Tony Hirst, by email


Here are a couple of things to try. On the sidebar, under Layers make sure that Labels is ticked, then click the arrow in front of the box and put a tick next to Populated Places. It could also be a graphics or display problem, and this chimes in with the hard drive reformat. You can check if this is the case by going to the GE Tools menu and on the 3D View tab, under Graphics mode, switch from Open GL to DirectX mode, or vice-versa, depending which one is currently selected and see if that makes a difference. If it does check that your video drivers are correct and up to date.



Clip Conversion

I have a Canon digital still camera, which outputs video clips in AVI format.
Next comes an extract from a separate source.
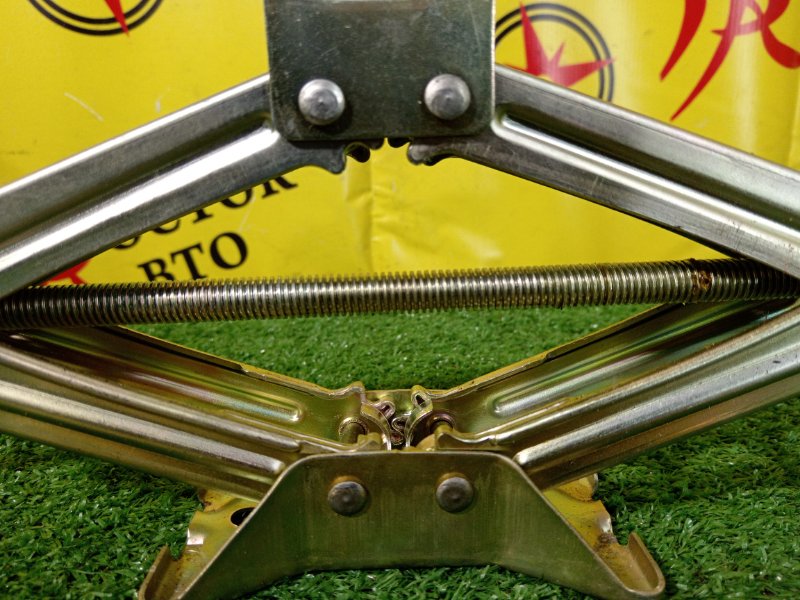 Домкрат, 2000 рублей, Красноярск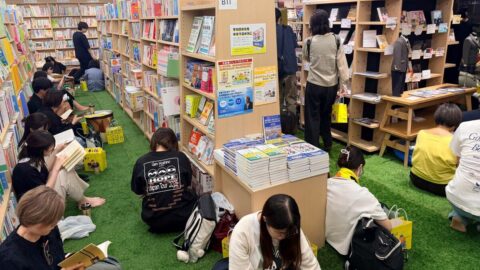 深夜0時過ぎの紀伊國屋書店が大にぎわい…｢本が読めない｣のはあなたのせいじゃなかった？”パーティー型読書”を体験 | ライフ | 東洋経済オンライン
My Panasonic DVD recorder has an SD memory card slot, which requires that video files be in MPEG2 format. Is it possible to convert from one format to another so I can watch my video clips on my TV?

Peter Philips, by email


Absolutely no problem, and I suggest that you download an excellent freeware utility called Xmedia Recode (http://tinyurl.com/38ytdv5). AVI to MPEG2 is just one of the scores of conversion options available, from and to most popular video formats.



Remote Possibility

I run a small business and use a program called Go To My PC to access my computer through the Internet so that I can run day-to-day operations whilst on holiday or travelling on business. As I connect to the PC remotely what happens if I have a power cut or the PC powers down for some reason? Is there some equipment or program that will re boot my PC thereby still allowing me remote access?

Richard Wain, by email


You can help avoid this sort of thing happening in the first place by using an Uninterruptible Power Supply or UPS. This is a battery-powered device that connects between your PC and the mains socket. If the mains fails for any reason the UPS kicks in and maintains the supply. Depending on the specification this can be from a few minutes to hours, or even days. Basic models with the capacity to keep a typical desktop PC powered for 5 – 10 minutes, long enough for most blackouts, cost around £40. If the UPS battery runs down some models automatically wake the PC when the power come back on. Otherwise you may be able to set the PC to automatically reboot itself. Restart after Power Failure and Restore on Power Loss are features on some BIOS (Basic Input Output System) programs, and you can set the applications that you need to be running to load automatically by copying their shortcut icons into the Startup folder.